| Task material |
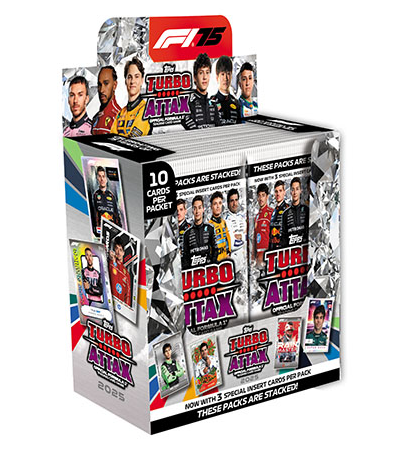 Topps F1 Turbo Attax 2025 Display Box (24 Packets) NEW UK Edition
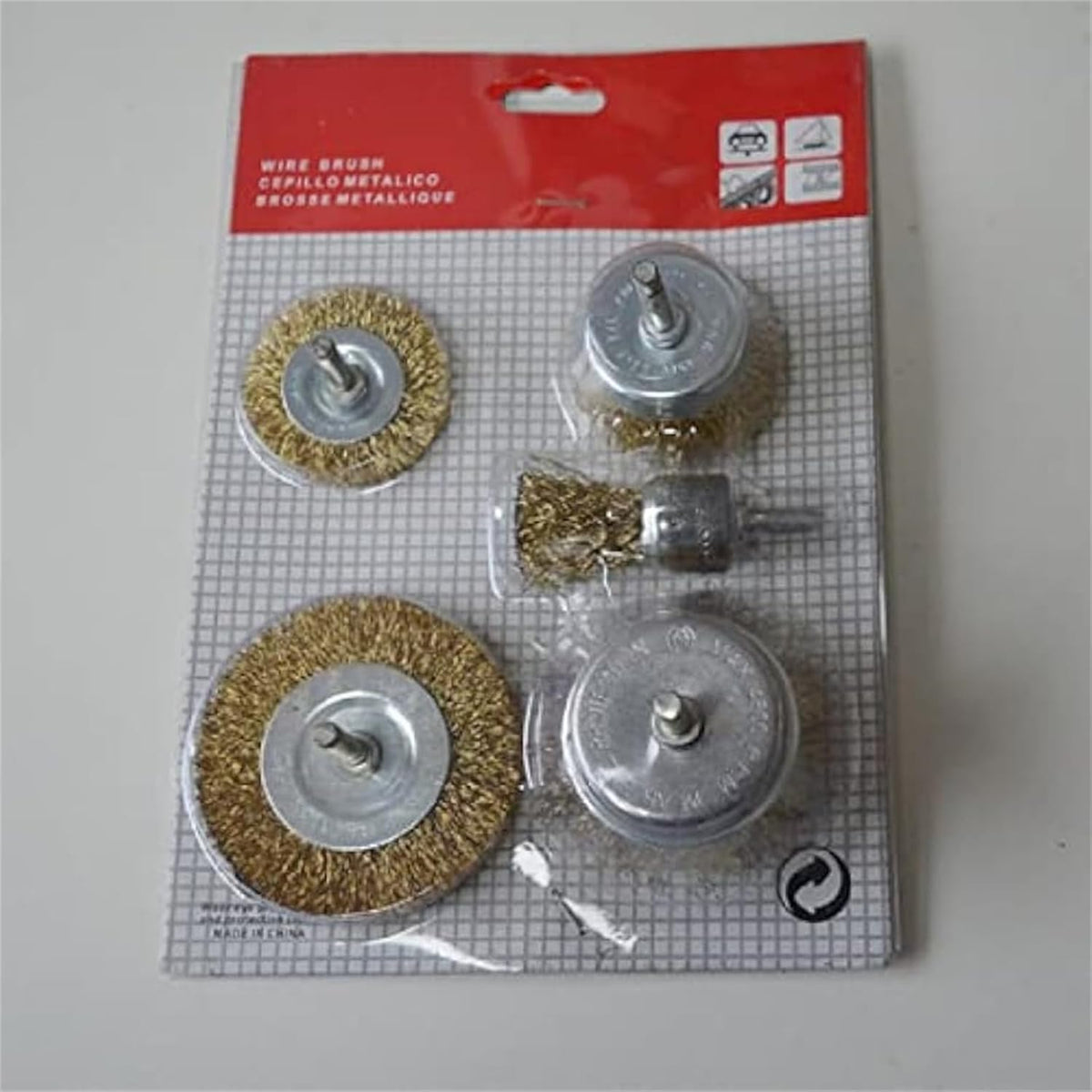 Escobilla quita oxido para taladro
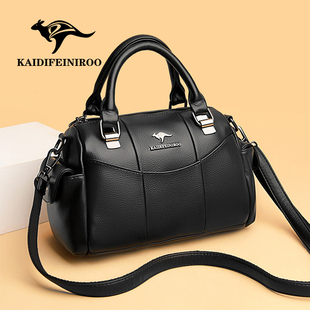 包包女2021新款 百搭中年妈妈斜挎包枕头包 大容量波士顿手提包时尚
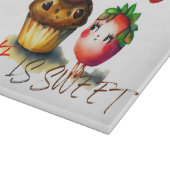 Liebe ist süßer Spaß Schneidebrett (Ecke)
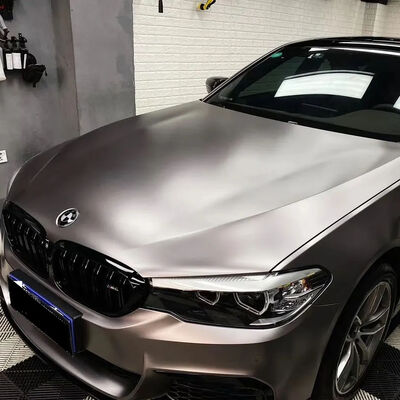 Matte Nardo Grey Car Wrap Vinyl with 8 Mil Thickness and Low Initial Adhesive for Auto Body Wrapping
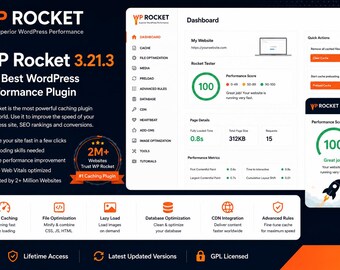 WP Rocket 3.21.3 – WordPress Performance & Caching Plugin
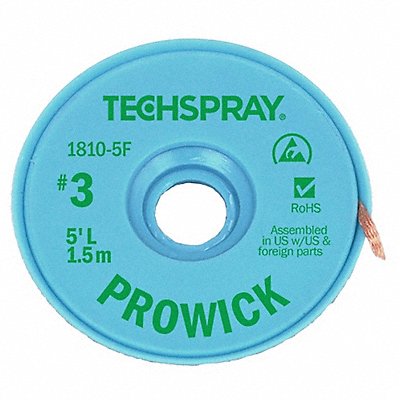 TECHSPRAY 18105F TECHSPRAY No.3 Desoldering Braid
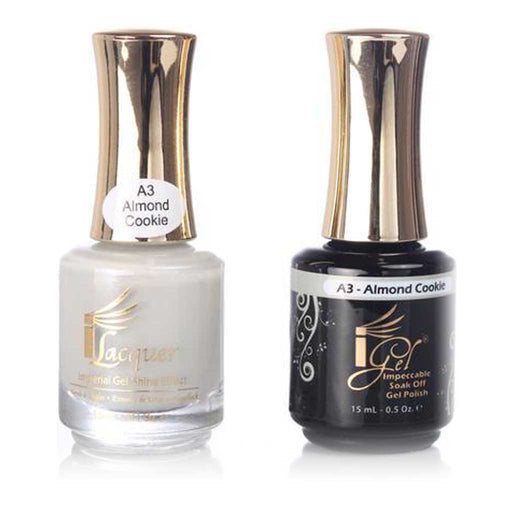iGel Nail Lacquer + Gel Polish, A03, Almond Cookie, 0.5oz KK1003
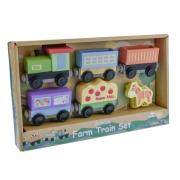 Farm Train With Animals Wooden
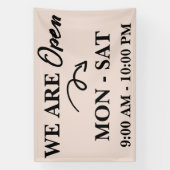 Kute Business Winkel Restaurant We zijn open Spandoek (Verticaal)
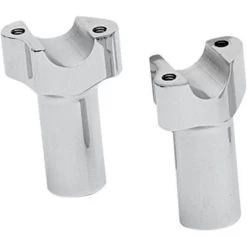 Drag Specialties 3" Buffalo Billet Aluminum Handlebar Risers - Chrome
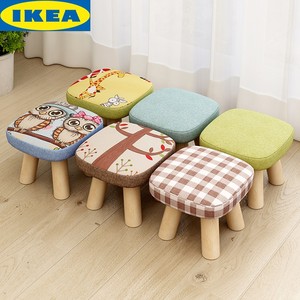 IKEA宜家小凳子时尚创意换鞋凳实木矮凳客厅布艺沙发凳圆凳坐墩小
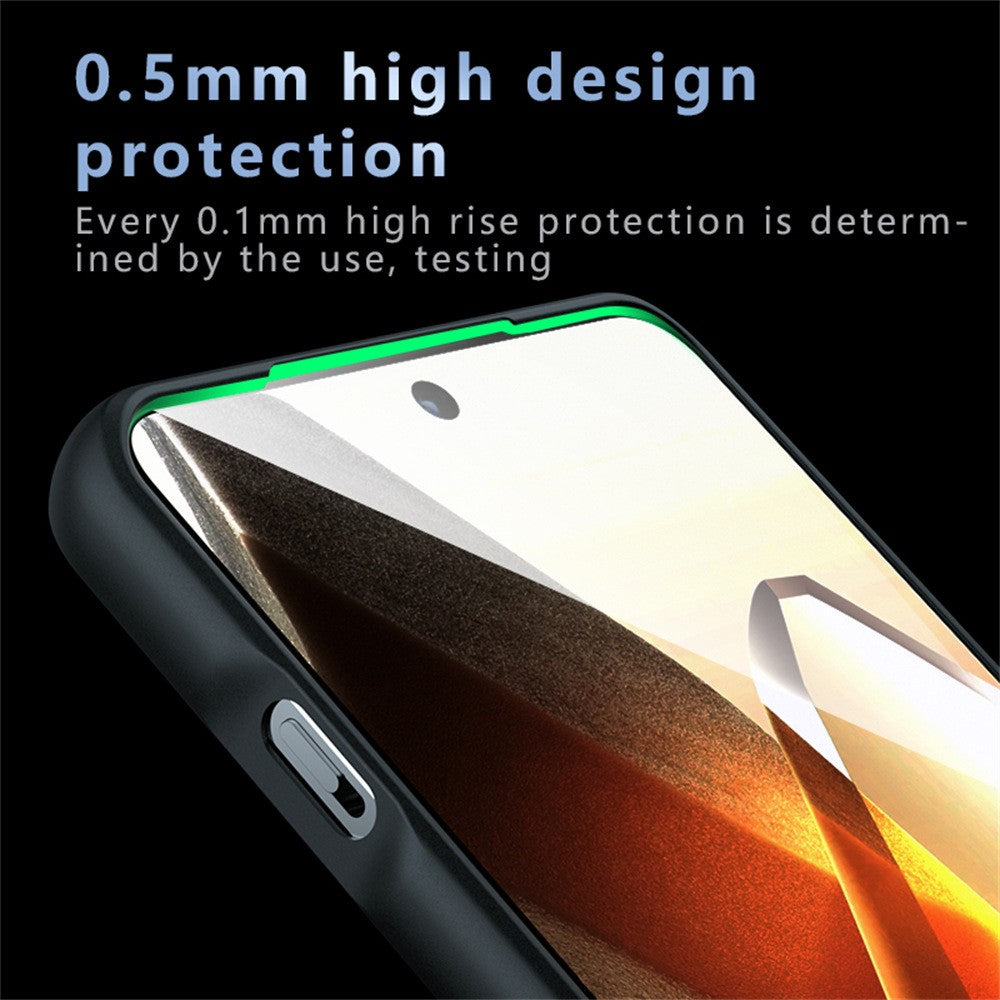 OnePlus OnePlus 13 Skal Skin-Touch TPU + PC Matt mobilskal, Transparent Svart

| Work request |
Reproduce nothing but the lines from the line containing "WP Rocket 3.21.3" through the last line of the data above, exactly as written and without pictures.

| Exercise result |
 WP Rocket 3.21.3 – WordPress Performance & Caching Plugin
 TECHSPRAY 18105F TECHSPRAY No.3 Desoldering Braid
iGel Nail Lacquer + Gel Polish, A03, Almond Cookie, 0.5oz KK1003
 Farm Train With Animals Wooden
 Kute Business Winkel Restaurant We zijn open Spandoek (Verticaal)
 Drag Specialties 3" Buffalo Billet Aluminum Handlebar Risers - Chrome
 IKEA宜家小凳子时尚创意换鞋凳实木矮凳客厅布艺沙发凳圆凳坐墩小
 OnePlus OnePlus 13 Skal Skin-Touch TPU + PC Matt mobilskal, Transparent Svart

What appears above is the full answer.